===== Given data =====
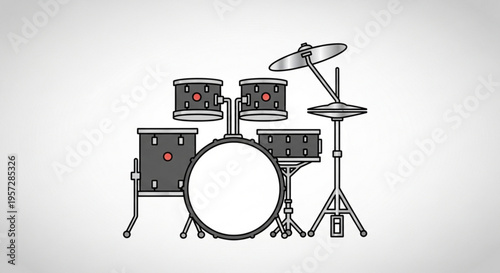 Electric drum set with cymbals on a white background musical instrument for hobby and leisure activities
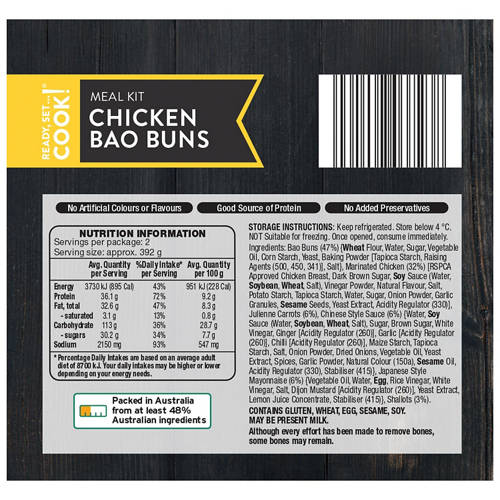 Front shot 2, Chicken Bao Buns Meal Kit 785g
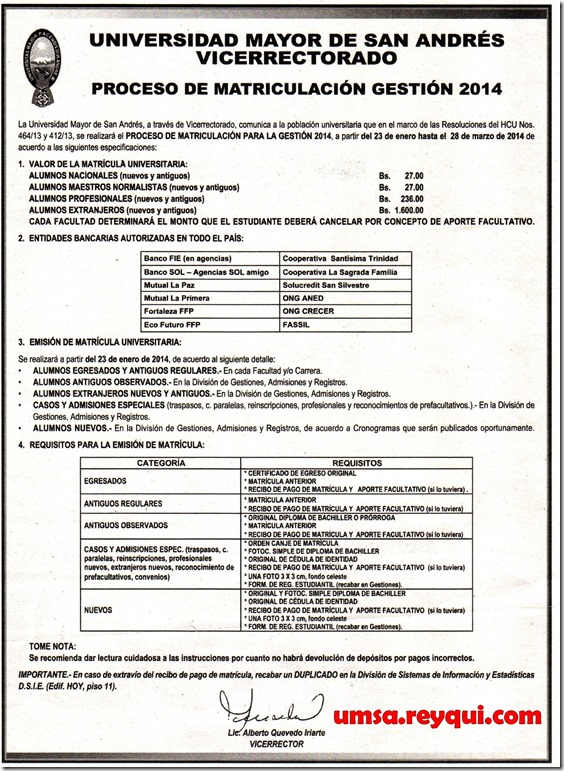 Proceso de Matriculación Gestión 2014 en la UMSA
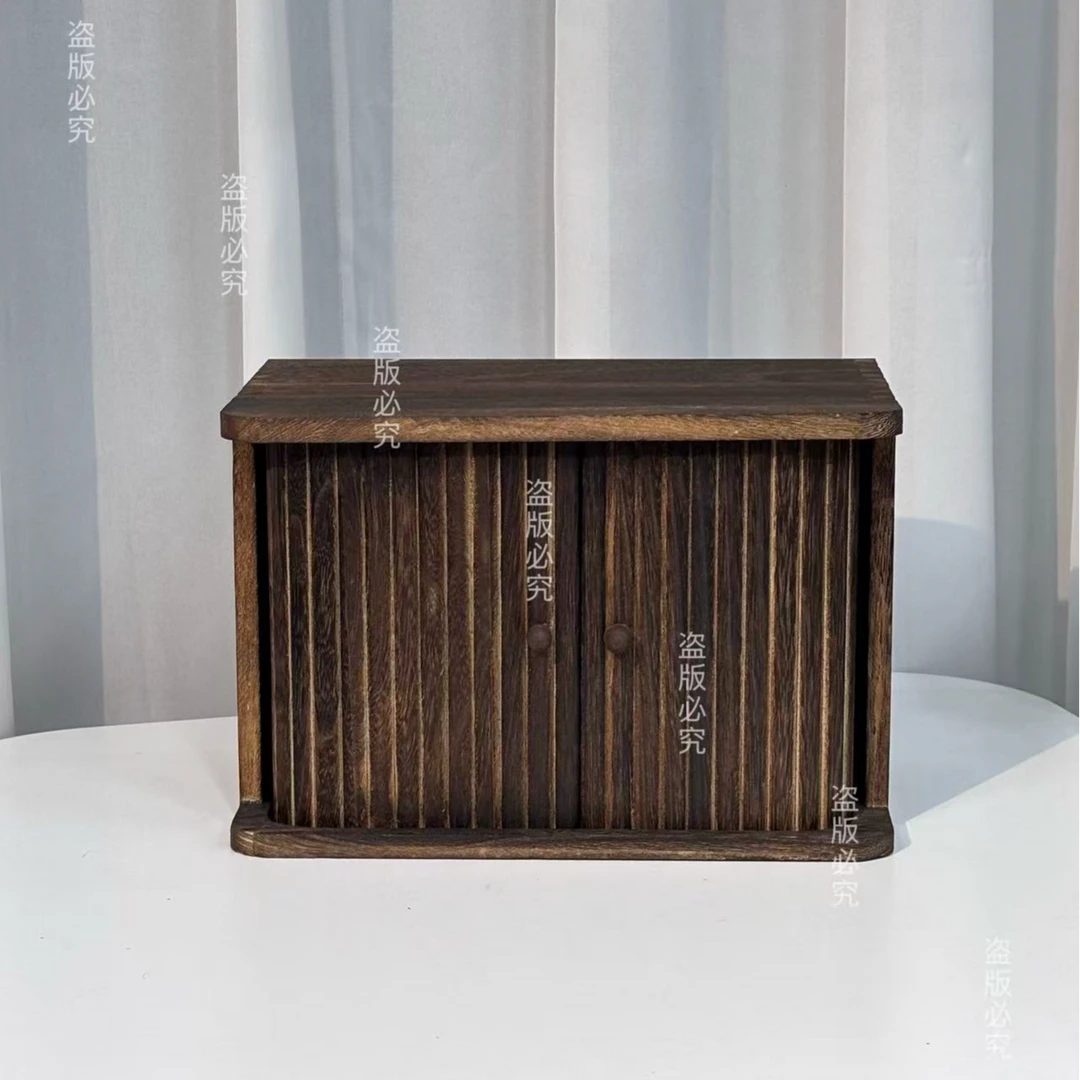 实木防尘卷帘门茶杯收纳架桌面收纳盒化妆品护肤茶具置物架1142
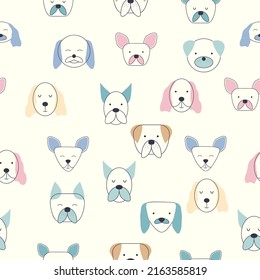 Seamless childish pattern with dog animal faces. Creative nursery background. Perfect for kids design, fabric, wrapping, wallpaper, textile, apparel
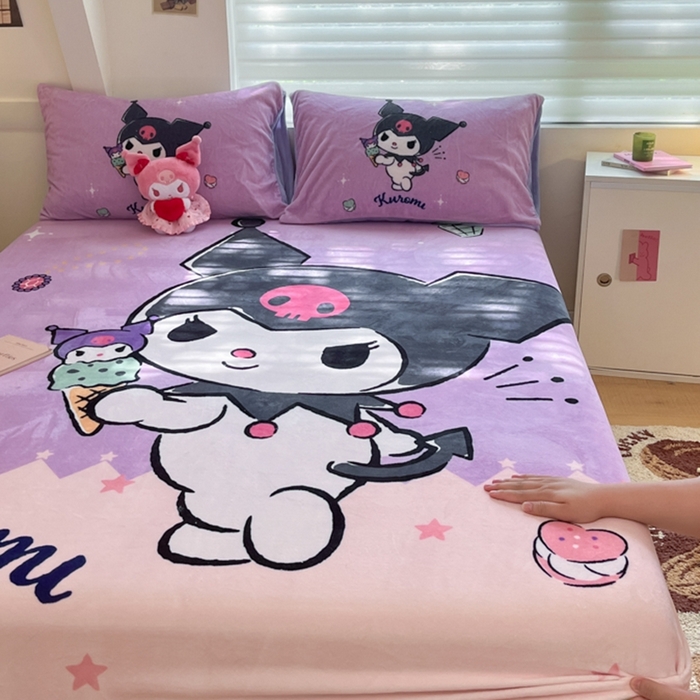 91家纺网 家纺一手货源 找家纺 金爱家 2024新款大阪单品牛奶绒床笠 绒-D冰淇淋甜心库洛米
=====
===== Given data =====
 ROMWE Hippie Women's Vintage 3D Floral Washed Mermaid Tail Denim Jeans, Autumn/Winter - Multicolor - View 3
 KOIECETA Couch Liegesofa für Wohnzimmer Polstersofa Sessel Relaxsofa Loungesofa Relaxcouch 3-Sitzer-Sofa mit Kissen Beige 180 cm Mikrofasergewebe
=====
Go down the entries above from the line containing "Front shot 2, Chicken Bao Buns Meal Kit 785g" to the line containing "91家纺网 家纺一手货源 找家纺" and write out each line exactly, leaving pictures out.

Result below
 Front shot 2, Chicken Bao Buns Meal Kit 785g
 Proceso de Matriculación Gestión 2014 en la UMSA
 实木防尘卷帘门茶杯收纳架桌面收纳盒化妆品护肤茶具置物架1142
 Seamless childish pattern with dog animal faces. Creative nursery background. Perfect for kids design, fabric, wrapping, wallpaper, textile, apparel
 91家纺网 家纺一手货源 找家纺 金爱家 2024新款大阪单品牛奶绒床笠 绒-D冰淇淋甜心库洛米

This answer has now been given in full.